That station looks to be dangerously perched there. Going to widen the table? 

Compared to some of the disasters I've created, your mess is actually...small time.


----------



## GN_Rocky (Jan 6, 2008)

Yes, I will be adding some trim around the base of the station along the side of the table AND I will be screwing the station down to the table as well when I go to finish the work on table 16








But not alot of visible progress other than building table 16. In the following pictures you will see the cold storage building or in this case, a building to fill the area until I build the modified building that WILL go there. I will be adding trees, a parking lot and other things to fill the table.

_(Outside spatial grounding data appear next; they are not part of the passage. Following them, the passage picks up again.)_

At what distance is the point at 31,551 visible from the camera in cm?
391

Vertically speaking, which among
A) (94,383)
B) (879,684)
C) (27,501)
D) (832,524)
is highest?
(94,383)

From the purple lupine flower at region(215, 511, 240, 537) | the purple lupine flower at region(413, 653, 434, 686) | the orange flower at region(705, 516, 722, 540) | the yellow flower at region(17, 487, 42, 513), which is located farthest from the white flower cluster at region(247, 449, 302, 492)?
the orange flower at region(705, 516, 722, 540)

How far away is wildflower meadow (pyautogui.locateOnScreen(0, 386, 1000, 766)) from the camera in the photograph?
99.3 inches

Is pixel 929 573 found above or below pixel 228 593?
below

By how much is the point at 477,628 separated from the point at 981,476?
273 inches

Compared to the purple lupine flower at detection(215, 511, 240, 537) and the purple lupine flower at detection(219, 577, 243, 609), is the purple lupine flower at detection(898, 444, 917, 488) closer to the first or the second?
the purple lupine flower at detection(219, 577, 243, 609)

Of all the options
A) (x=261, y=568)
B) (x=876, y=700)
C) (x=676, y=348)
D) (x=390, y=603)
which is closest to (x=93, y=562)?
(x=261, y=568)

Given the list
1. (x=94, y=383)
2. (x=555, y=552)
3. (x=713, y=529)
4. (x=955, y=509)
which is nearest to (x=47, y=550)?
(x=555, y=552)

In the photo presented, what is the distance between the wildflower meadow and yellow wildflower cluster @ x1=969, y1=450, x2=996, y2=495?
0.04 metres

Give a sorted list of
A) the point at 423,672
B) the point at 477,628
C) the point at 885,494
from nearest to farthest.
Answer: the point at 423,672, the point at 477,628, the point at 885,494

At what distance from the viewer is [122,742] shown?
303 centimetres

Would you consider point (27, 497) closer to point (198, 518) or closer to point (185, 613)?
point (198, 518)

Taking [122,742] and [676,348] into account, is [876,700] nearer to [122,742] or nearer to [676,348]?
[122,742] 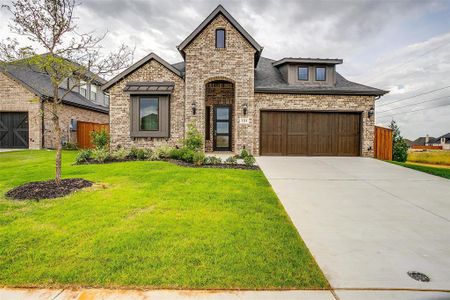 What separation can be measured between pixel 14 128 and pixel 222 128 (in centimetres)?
1361

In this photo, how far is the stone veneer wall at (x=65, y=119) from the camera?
660 inches

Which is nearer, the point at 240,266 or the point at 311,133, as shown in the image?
the point at 240,266

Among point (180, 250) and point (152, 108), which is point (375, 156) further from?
point (180, 250)

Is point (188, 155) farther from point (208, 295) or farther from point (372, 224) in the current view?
point (208, 295)

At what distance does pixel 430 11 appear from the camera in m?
9.31

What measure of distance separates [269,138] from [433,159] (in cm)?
1380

But as I said, not alot of progress to show due to my working on cleaning and making room in the furnace room where the reborn town of Wolf Point will be built. Also the other end of the yards will be in there as well. There is alot of moving of boxes, shelf boards, etc. that was to be done and I was also able to put up a couple more pieces of dry wall as well. But now, I have room to start building the 4x8 foot tables required to rebuild my town this time BIGGER and better than before !!! Today one of the things I did in relation to trains is I took out all the feather weight rocks out of my old truck that I signed over to my stepson and moved them down to the door to the Goat cave. I also came across a bunch of good sized mixed color granite rocks I found in the yard outside that might also work in nicely to my mountain. I dragged them down here too



























It's a pretty good sized pile !!! But it'll all go quick when building the mountain. 
Before I get to gung ho in building my mountain with rocks, I'll be putting in more support for table 15. I figure a minimum of 6 more legs and 2 more cross supports under the table will be needed. I bought more hardware to mount these on the frame of the table. It'll be a challange, but well worth it. I figure I'll be adding a minimum of 500 lb.s to the table weight in rocks alone







And I wouldn't be suprised if it came in closer to 1000 lb.s, so I want to be sure the table is safe and stable







AS soon as I can finish moving my lumber supply into the furnace room, I can remove the stud in the wall ajoining the bathroom and frame out for the tunnels. Then I can do the dry walling along that wall, then build tables 17 &18 to continue the line (table 17) and build the lumber facility and saw mill ( table 18).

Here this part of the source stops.